###BREAKING CHANGE### affecting truncated BPTT

Oct 9, 2015 at 7:28 PM
Hi, there has been a change in the latest version in truncated BPTT. One must now define the Truncated parameter in an outer level where both the reader and SGD can see it. If not, SGD will incorrectly scale the learning rate per minibatch. For example as shown below.

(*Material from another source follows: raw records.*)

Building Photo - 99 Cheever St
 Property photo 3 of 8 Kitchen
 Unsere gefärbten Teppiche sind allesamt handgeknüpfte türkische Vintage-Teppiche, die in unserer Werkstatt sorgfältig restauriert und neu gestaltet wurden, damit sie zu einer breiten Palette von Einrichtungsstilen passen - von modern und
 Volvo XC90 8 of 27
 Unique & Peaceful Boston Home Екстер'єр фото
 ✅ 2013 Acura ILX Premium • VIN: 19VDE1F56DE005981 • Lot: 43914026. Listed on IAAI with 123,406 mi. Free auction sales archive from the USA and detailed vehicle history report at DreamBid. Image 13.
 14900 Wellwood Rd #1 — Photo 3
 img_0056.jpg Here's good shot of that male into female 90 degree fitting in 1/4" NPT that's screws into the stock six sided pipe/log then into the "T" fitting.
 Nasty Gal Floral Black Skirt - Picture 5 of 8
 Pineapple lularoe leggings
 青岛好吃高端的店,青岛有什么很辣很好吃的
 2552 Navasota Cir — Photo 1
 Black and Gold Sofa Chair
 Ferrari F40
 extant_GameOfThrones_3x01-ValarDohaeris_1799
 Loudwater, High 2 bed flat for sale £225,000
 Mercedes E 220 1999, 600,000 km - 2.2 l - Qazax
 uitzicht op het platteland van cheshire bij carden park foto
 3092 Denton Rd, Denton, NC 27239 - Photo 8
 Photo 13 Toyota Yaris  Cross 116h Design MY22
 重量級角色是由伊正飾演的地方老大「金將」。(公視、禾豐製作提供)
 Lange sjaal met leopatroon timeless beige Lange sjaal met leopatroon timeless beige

The need for this change was caused by the incorrect overloaded use of the mbsize parameter, which in truncated mode really specifies the truncation size, whereas the minibatch size (=#samples between model updates) is equal to (truncation size * number of parallel sequences). SGD must know the Truncated flag as well to be able to correctly determine the true MB size.

Thanks,

Frank
precision=float
command=speechTrain
deviceId=$DeviceId$

parallelTrain=false

frameMode=false
#############
Truncated=true   #### <== put it out here, not inside the reader
#############

speechTrain=[
  action=train
  modelPath=$RunDir$/models/cntkSpeech.dnn
  deviceId=$DeviceId$
  traceLevel=1

  NDLNetworkBuilder=[
      networkDescription=$NDLDir$/lstmp-3layer_WithSelfStab.ndl
  ]    

  SGD=[
      epochSize=20480
      minibatchSize=20
      learningRatesPerMB=0.5
      numMBsToShowResult=10
      momentumPerMB=0:0.9
      maxEpochs=4
      keepCheckPointFiles=true       
  ]
  reader=[
    readerType=HTKMLFReader
    readMethod=blockRandomize
    miniBatchMode=Partial
    nbruttsineachrecurrentiter=32
    randomize=Auto
    verbosity=0
    features=[
        dim=363
        type=Real
        scpFile=$DataDir$/glob_0000.scp
    ]

    labels=[
        mlfFile=$DataDir$/glob_0000.mlf
        labelMappingFile=$DataDir$/state.list

        labelDim=132
        labelType=Category
    ]
  ]
]